Adams, a former NYPD captain, took most of the jabs from his competitors on policing in the city, particularly from Wiley and Morales over his deep ties to the department and the size of the city’s police force. Morales also slammed Adams for dismissing young, Black political organizers who are working on police reform.

“Safety is not synonymous with policing,” said Morales, adding that the city has one of the largest police departments in the country. “Our communities are over-policed and under-resourced.”

Wiley, a former aide to New York City mayor Bill de Blasio and ex-head of the city’s police misconduct board, excoriated Adams for suggesting bringing back the city’s controversial anti-crime unit and for his support for using stop and frisk, a program that was halted by a federal judge after data revealed racial inequities, as a policing tool.

“As a civil rights lawyer, all I can say is that there was nothing OK about [stop and frisk],” Wiley said.

Adams then said her questions show “your failure of understanding of police enforcement.”

Wiley said she “certainly” understands misconduct, citing her experience heading the NYPD misconduct board. Adams shot back: “I certainly know how much of a failure it was under you.”

“I told you all at the beginning of this race, when candidates start getting desperate, it’s going to get very nasty,” Adams added.

Yang, who has been consistently seen as the front-runner, took jabs in the two-hour.

McGuire pressed Yang about his reported comments that Black applicants may not be “the best fit” for his business venture, but Yang refused to apologize and said he did not remember making the remark.

“My administration would reflect the incredible diversity of our city,” Yang said. Moderators also leaned on Yang about his long absence from city politics. But the businessman demurred, saying he built a life with his wife in the city.

Stringer was queried on a sexual misconduct allegation against him made by a former aide. He denied the assertion but said women should have their claims heard.

“This is an allegation that is not true,” he said. “I hope the voters will listen to me.”

The candidates also discussed affordable housing, homelessness and public education. In February, the number of single adults sleeping each night in New York City shelters reached a record of 20,822, according to an April report from the Coalition of the Homeless, a local nonprofit. The single adult shelter population also reached records in 10 of the 12 months during 2020, the organization found.

Nearly every candidate agreed that decreasing homelessness was a priority with slight distinction to solve the issue, including the need for increased mental health services in the city. Yang, for instance, called for expanding supportive housing and building or preserving 250,000 affordable units. Morales called for converting office space to create space for the homeless, Garcia called for increasing the number of housing vouchers to get individuals out of shelters.

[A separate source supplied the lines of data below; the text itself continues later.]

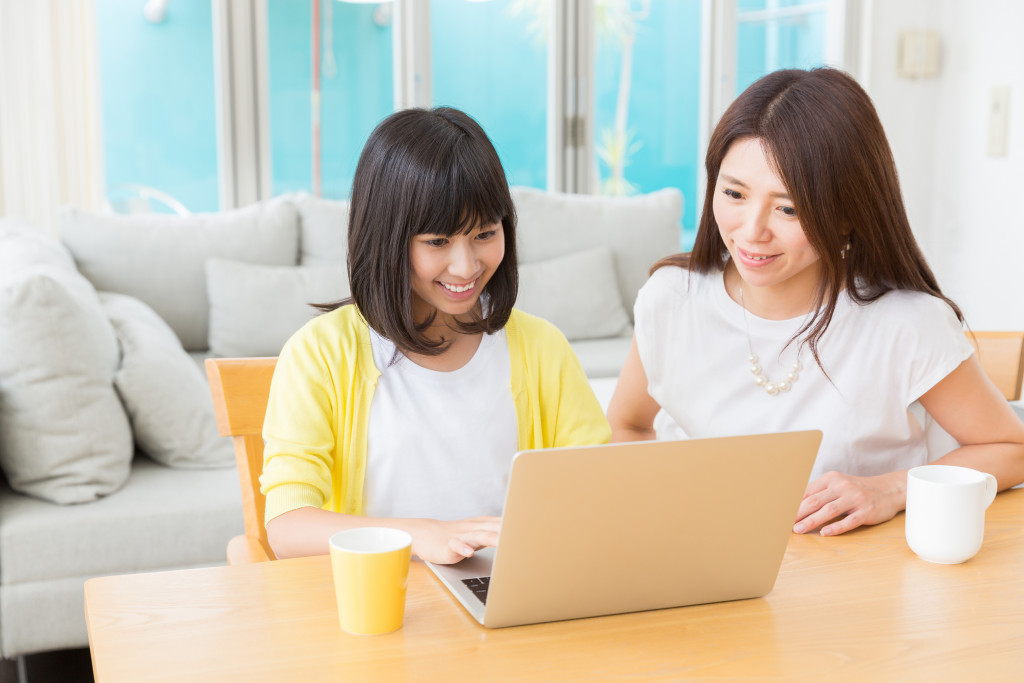 mother and daughter looking at a laptop screen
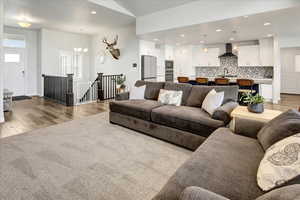 Living room featuring recessed lighting, light wood-style floors, a chandelier, and light colored carpet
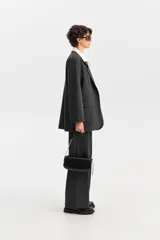 Blazer de corte amplio en color gris oscuro, con solapas de muesca y bolsillos de ojal. La prenda simula llevar una camisa blanca de cuello ancho por debajo, con los botones visibles en el frente.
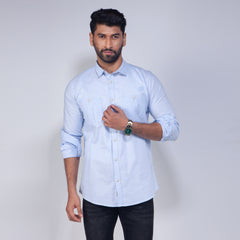 Man wearing a light blue shirt with rolled-up sleeves on a plain background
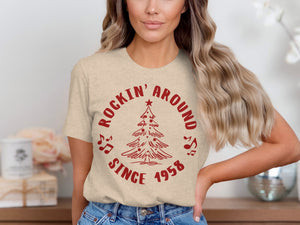 Tan t-shirt with red Christmas tree graphic and text "ROCKIN' AROUND SINCE 1958".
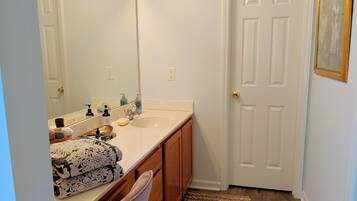 Combined shower/tub, hair dryer, towels, soap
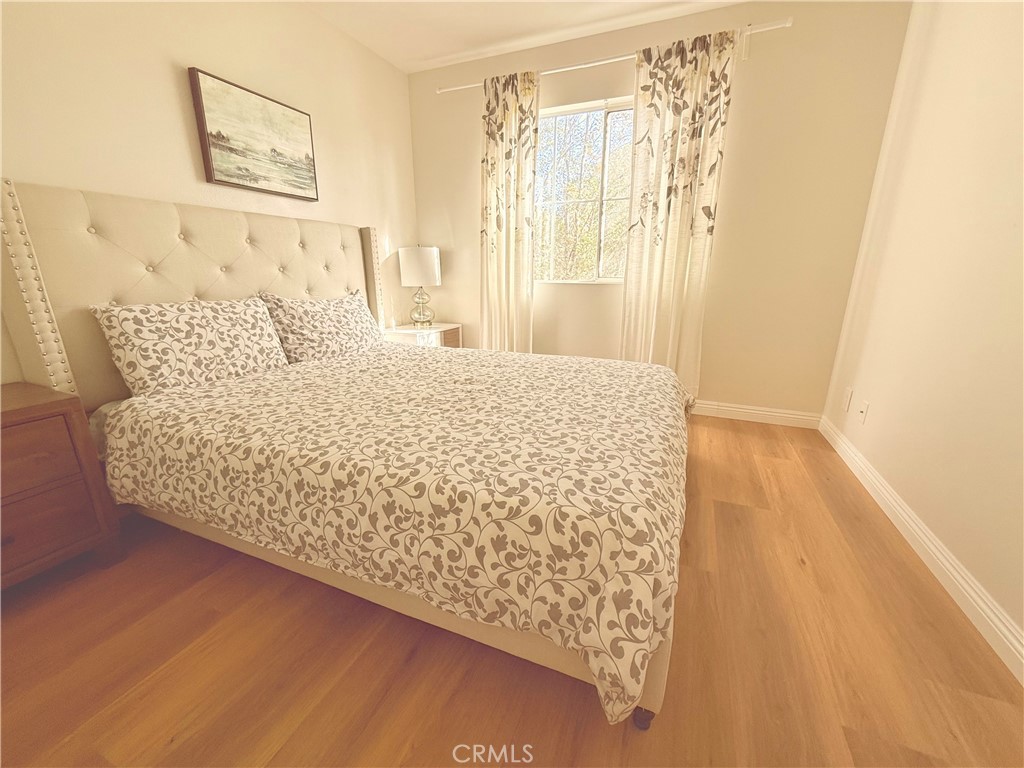 8 Marsala Irvine, CA 92606 - Photo 8 of 11 a large bed sitting in a bedroom next to a window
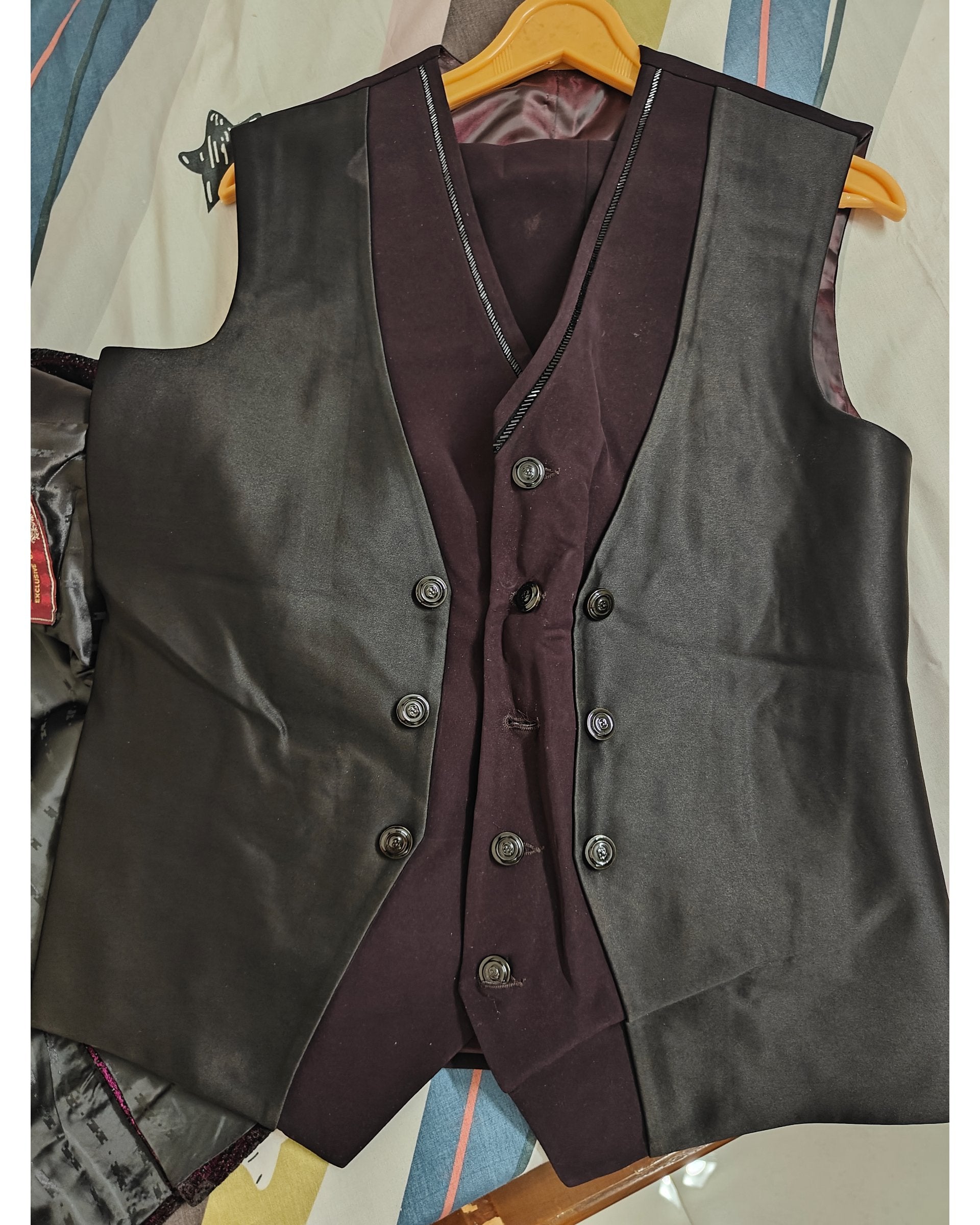 A men's double-breasted waistcoat vest in black satin, layered over a matching dark plum purple vest, hanging on a wooden hanger.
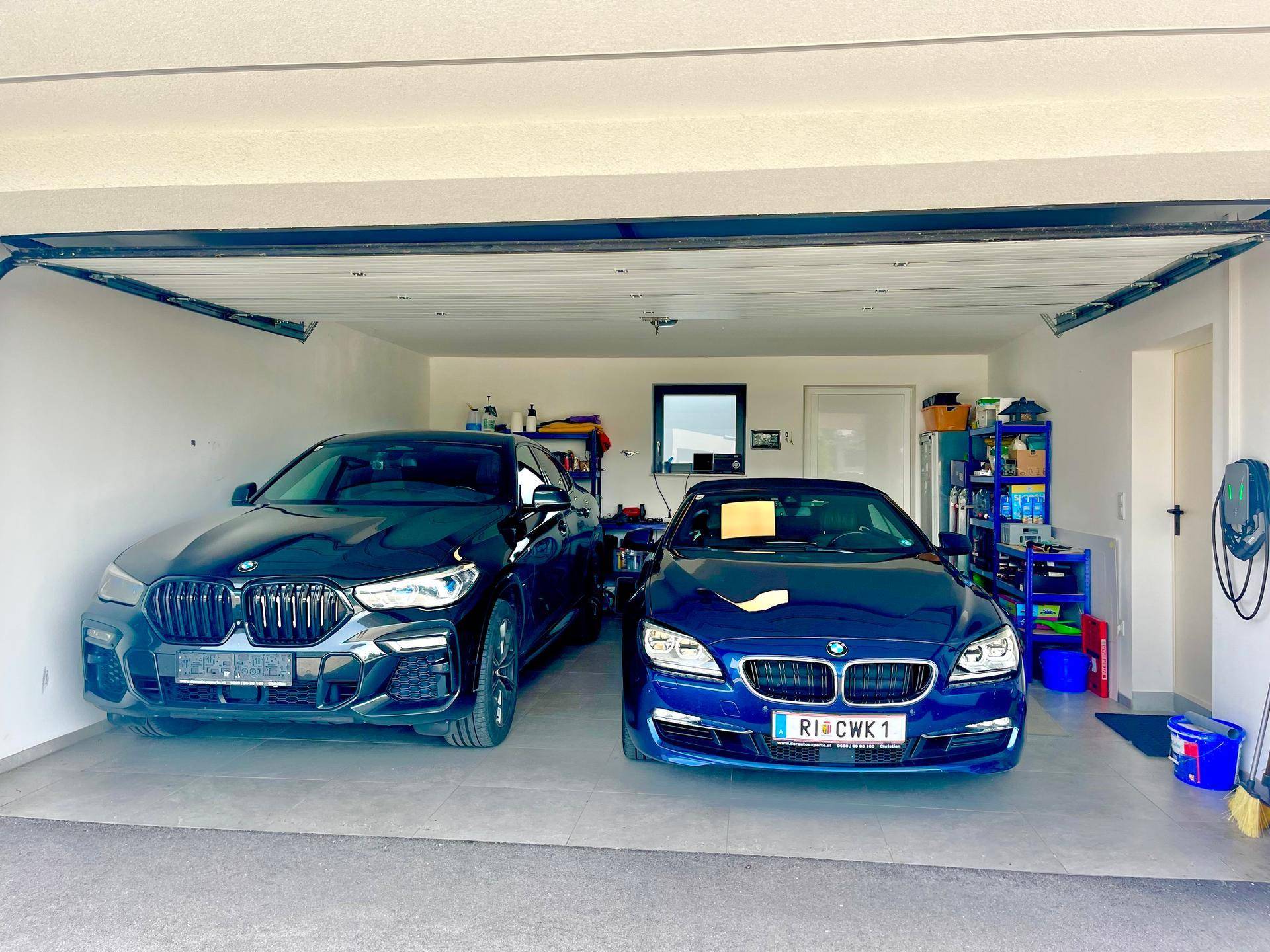 Geräumige Doppelgarage mit zwei Fahrzeugen und einer Ladestation für Elektroautos.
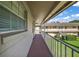 Long walkway with metal railing connecting units in the building, with views of the lawn and landscaping at 1100 E Caroline St # 218, Tavares, FL 32778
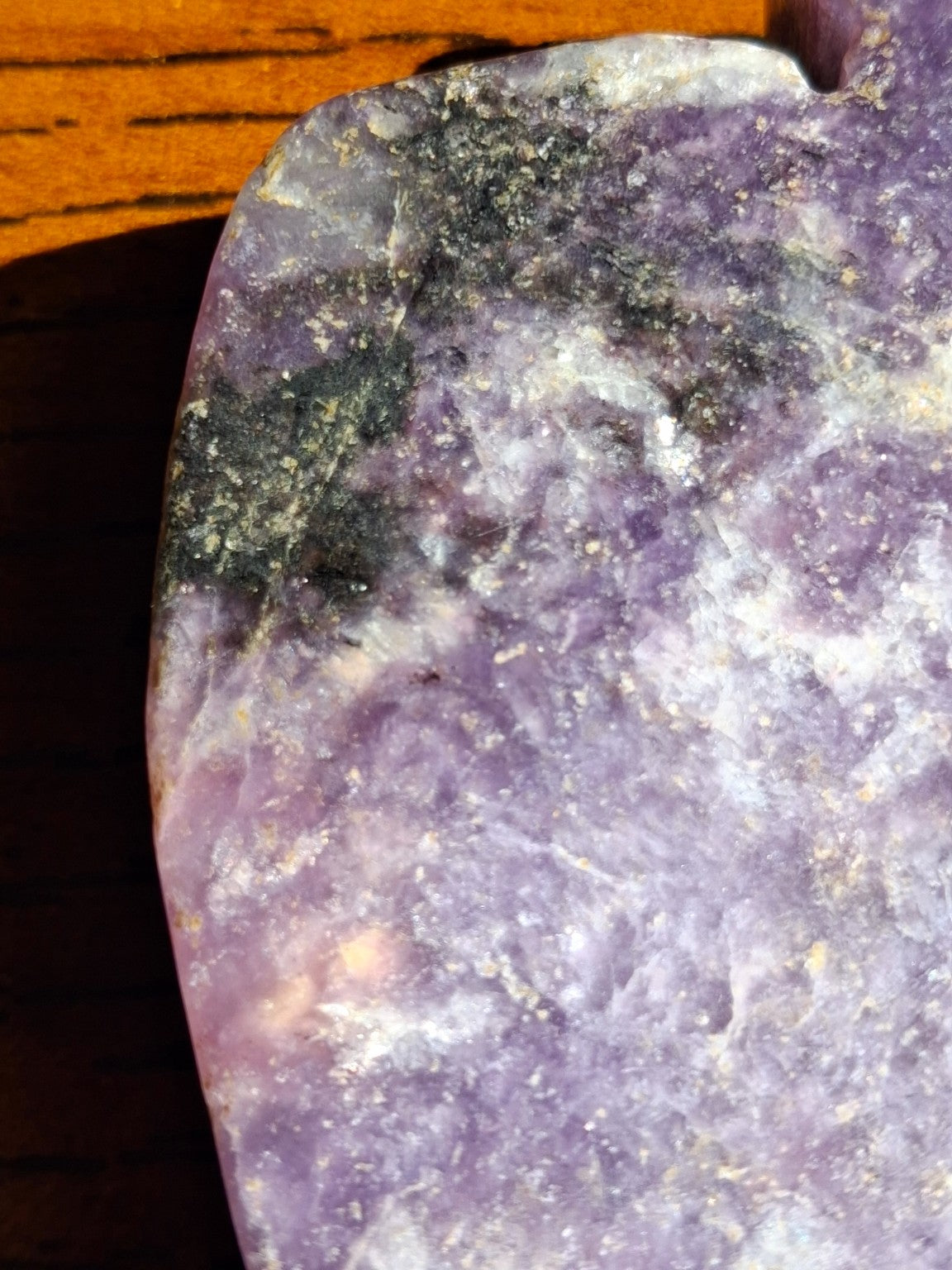 Macro image of amethyst pumpkin carving natural purple mineral variation and dark speckles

Wiley said she would shift $1 billion from the NYPD’s budget and invest in trauma-informed care in schools to help communities that grapple with violence. Also, Adams and Stringer were the only candidates to raise their hand when asked whether they would keep all-virtual school as an option in the fall for the city’s more than 1 million students.

The candidates themselves were asked to pick their second choices, however, only four answered. Garcia, who was endorsed by the New York Times Editorial Board, appeared to be the favorite. Donovan picked Wiley, Yang and McGuire picked Garcia and Wiley picked Morales.